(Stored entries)
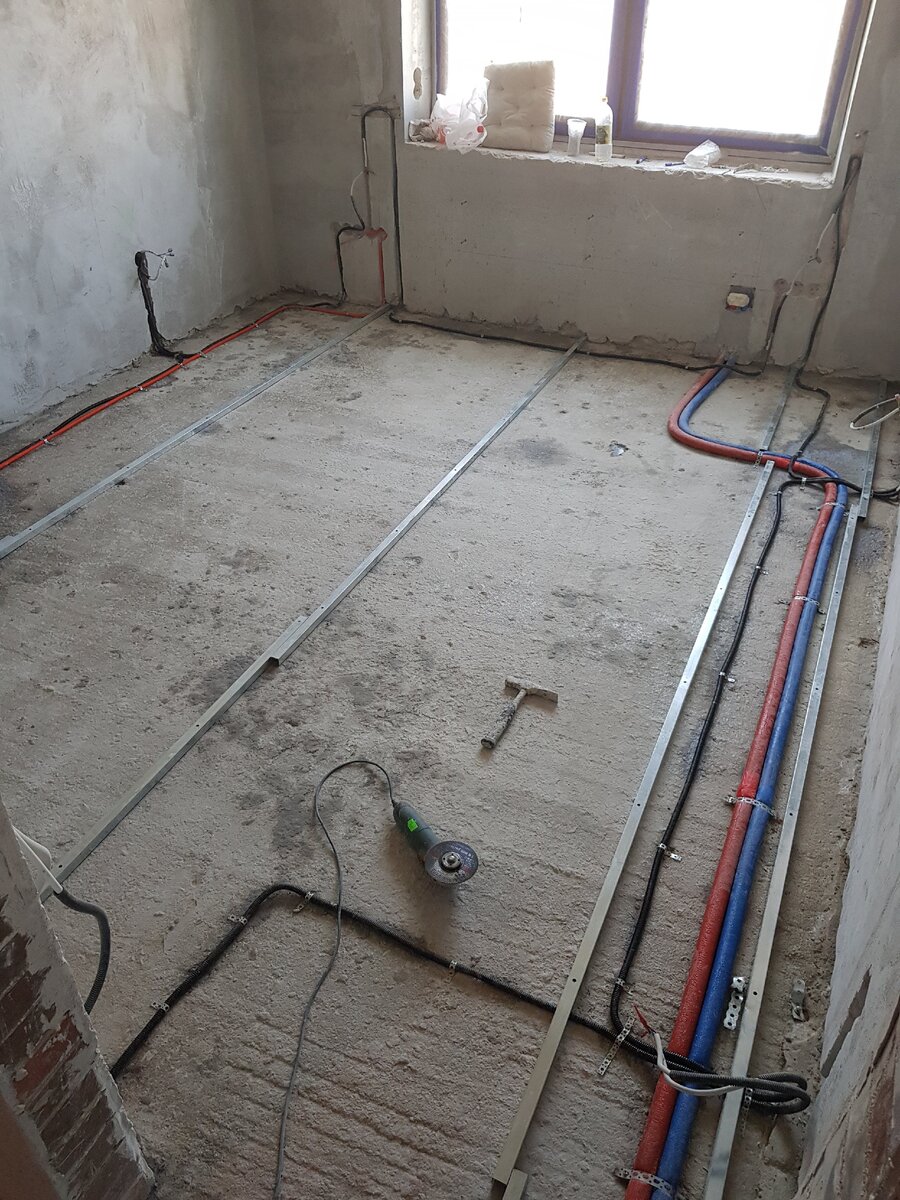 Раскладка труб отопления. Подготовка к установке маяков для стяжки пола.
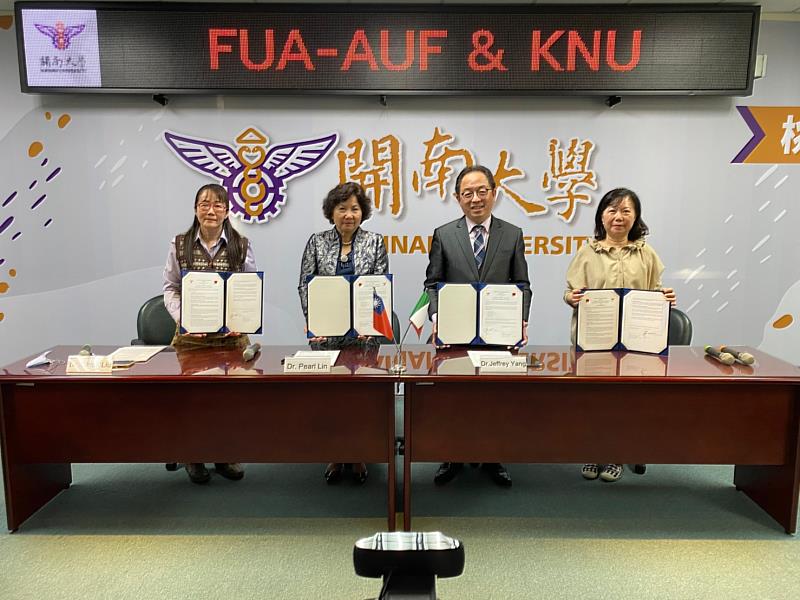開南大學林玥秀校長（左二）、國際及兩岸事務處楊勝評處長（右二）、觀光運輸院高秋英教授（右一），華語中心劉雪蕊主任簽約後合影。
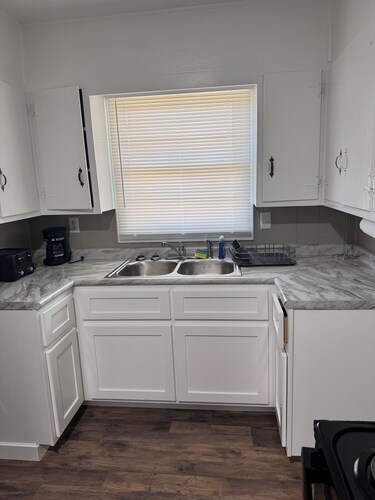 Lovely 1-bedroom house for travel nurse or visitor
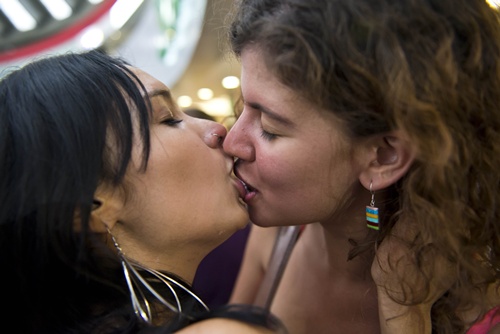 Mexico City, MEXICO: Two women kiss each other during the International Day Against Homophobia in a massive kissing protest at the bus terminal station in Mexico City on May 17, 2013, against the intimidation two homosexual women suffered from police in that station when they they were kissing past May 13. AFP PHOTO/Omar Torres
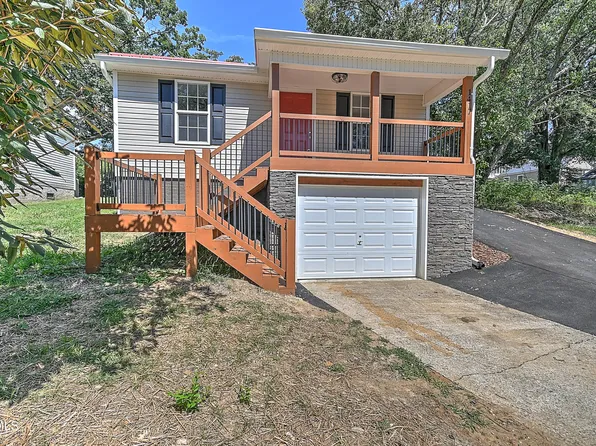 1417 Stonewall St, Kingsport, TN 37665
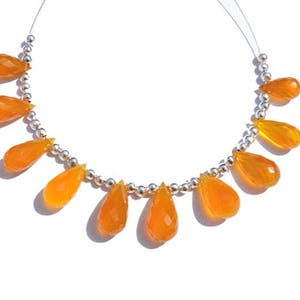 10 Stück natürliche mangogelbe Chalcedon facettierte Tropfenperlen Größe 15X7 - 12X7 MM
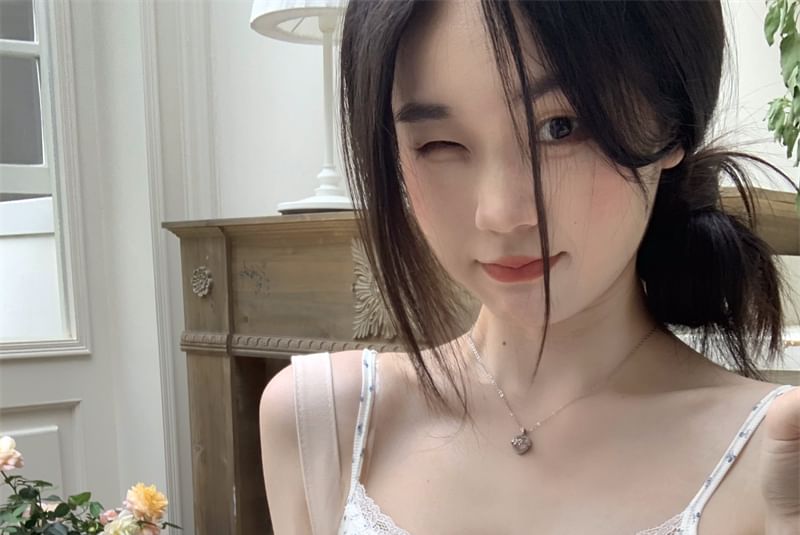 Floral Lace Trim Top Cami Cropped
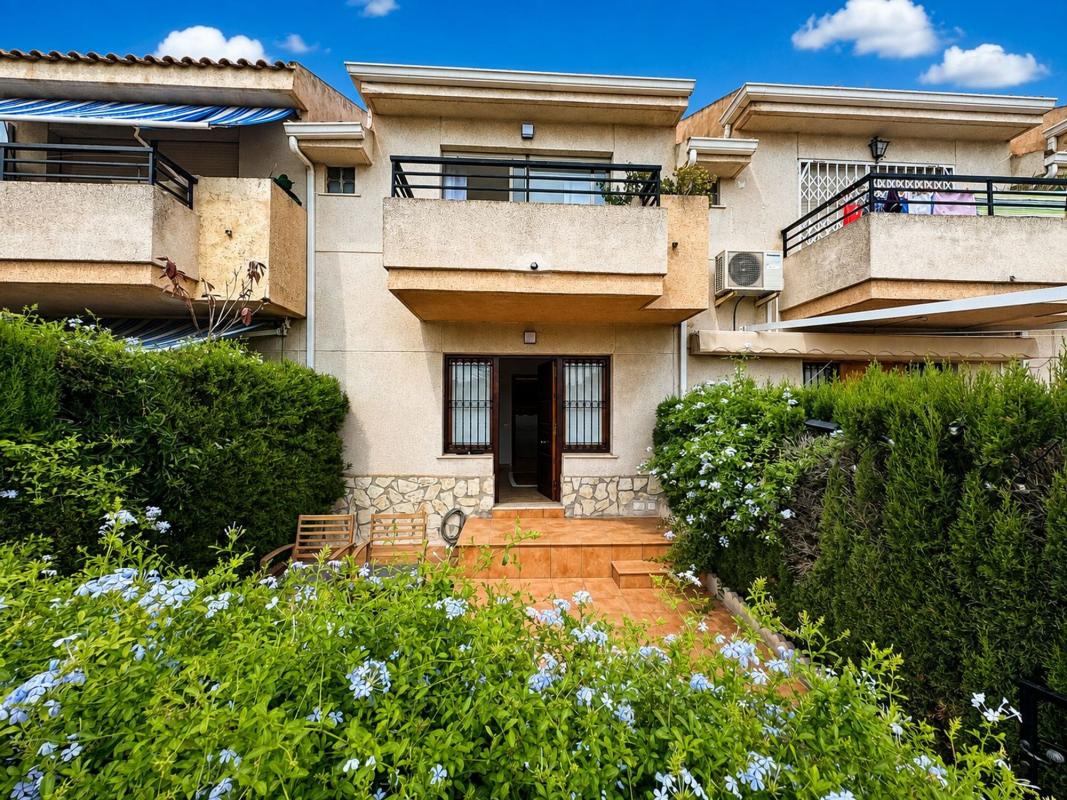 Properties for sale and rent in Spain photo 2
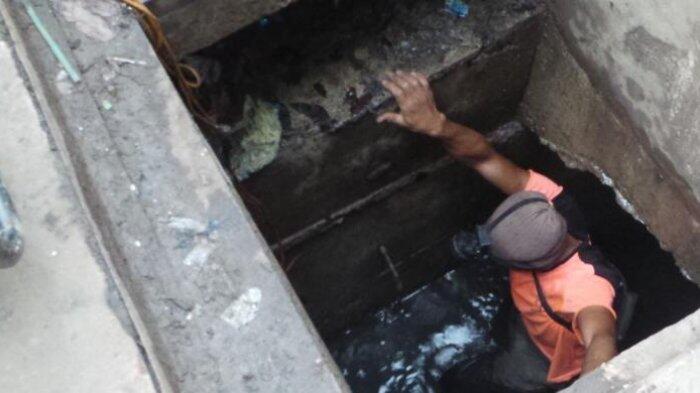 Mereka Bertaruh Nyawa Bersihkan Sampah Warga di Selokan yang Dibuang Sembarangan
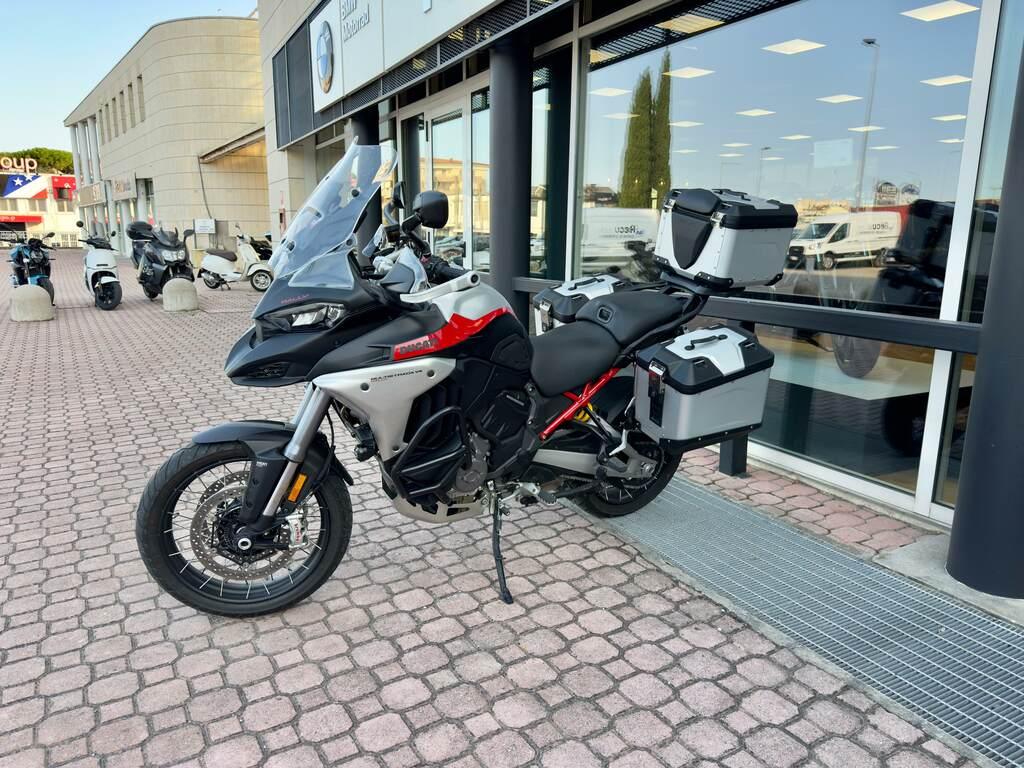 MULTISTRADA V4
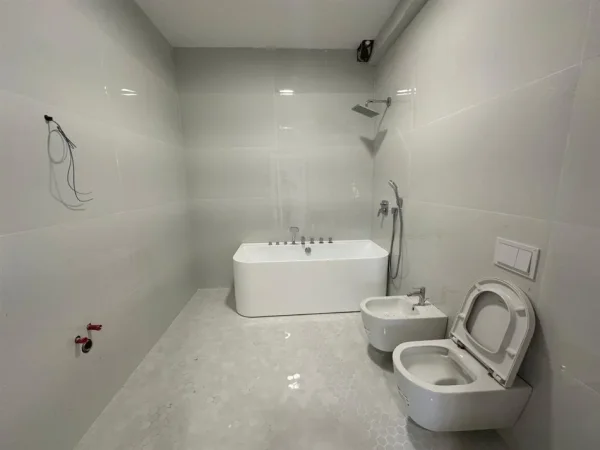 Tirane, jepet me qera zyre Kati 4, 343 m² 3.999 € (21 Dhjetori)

> _PROBLEM TO SOLVE_:
Every line above is to be written out unchanged, with the pictures omitted.

> _EXERCISE RESPONSE_:
 Раскладка труб отопления. Подготовка к установке маяков для стяжки пола.
開南大學林玥秀校長（左二）、國際及兩岸事務處楊勝評處長（右二）、觀光運輸院高秋英教授（右一），華語中心劉雪蕊主任簽約後合影。
 Lovely 1-bedroom house for travel nurse or visitor
 Mexico City, MEXICO: Two women kiss each other during the International Day Against Homophobia in a massive kissing protest at the bus terminal station in Mexico City on May 17, 2013, against the intimidation two homosexual women suffered from police in that station when they they were kissing past May 13. AFP PHOTO/Omar Torres
 1417 Stonewall St, Kingsport, TN 37665
 10 Stück natürliche mangogelbe Chalcedon facettierte Tropfenperlen Größe 15X7 - 12X7 MM
 Floral Lace Trim Top Cami Cropped
 Properties for sale and rent in Spain photo 2
 Mereka Bertaruh Nyawa Bersihkan Sampah Warga di Selokan yang Dibuang Sembarangan
 MULTISTRADA V4
 Tirane, jepet me qera zyre Kati 4, 343 m² 3.999 € (21 Dhjetori)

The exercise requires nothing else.